▶ Work to be completed
Every picture stays out; everything else in the listing below is to be returned exactly.

▶ Dataset excerpts

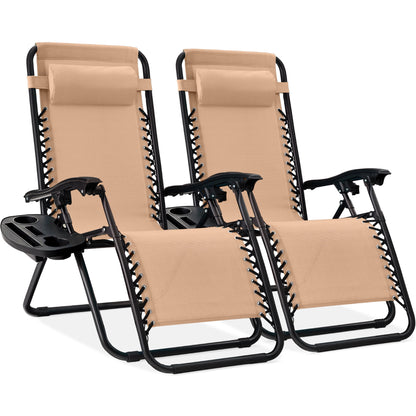 Set of 2 Zero Gravity Lounge Chair Recliners for Patio, Pool W/ Cup Holder Tray - Beige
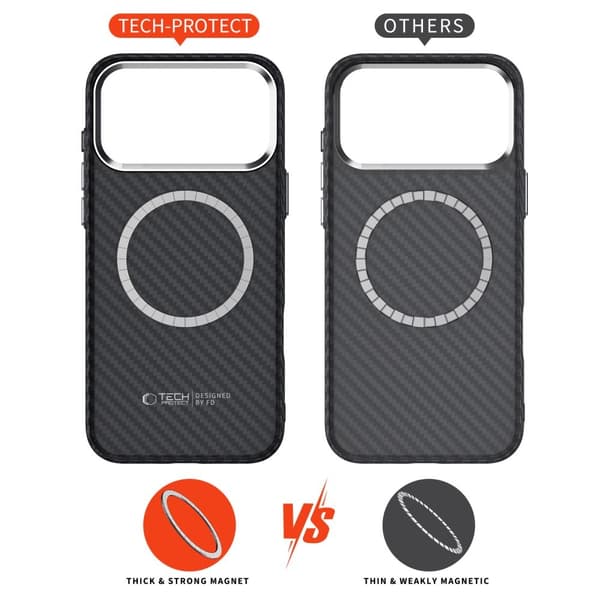 Tech-Protect iPhone 17 Pro Skal MagSafe ION Carbon Svart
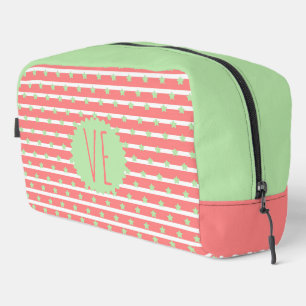 Pink with Green Stars Christmas Dopp Kit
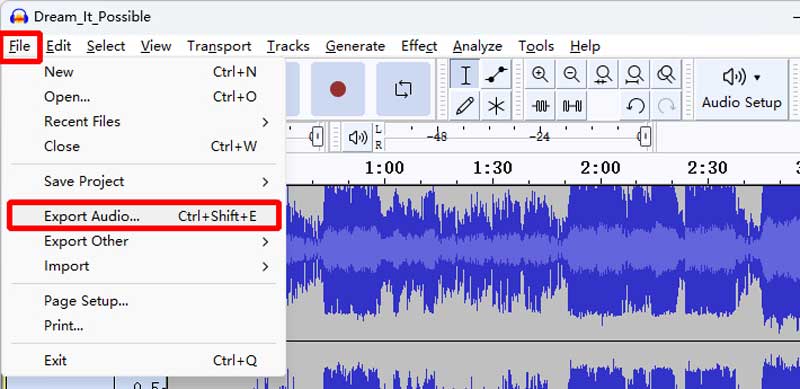 書き出しオーディオを選択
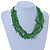 Grass Green Glass Nuggets With Black Cords Necklace - 50cm L - view 2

▶ Output for this task
 Set of 2 Zero Gravity Lounge Chair Recliners for Patio, Pool W/ Cup Holder Tray - Beige
 Tech-Protect iPhone 17 Pro Skal MagSafe ION Carbon Svart
 Pink with Green Stars Christmas Dopp Kit
 書き出しオーディオを選択
 Grass Green Glass Nuggets With Black Cords Necklace - 50cm L - view 2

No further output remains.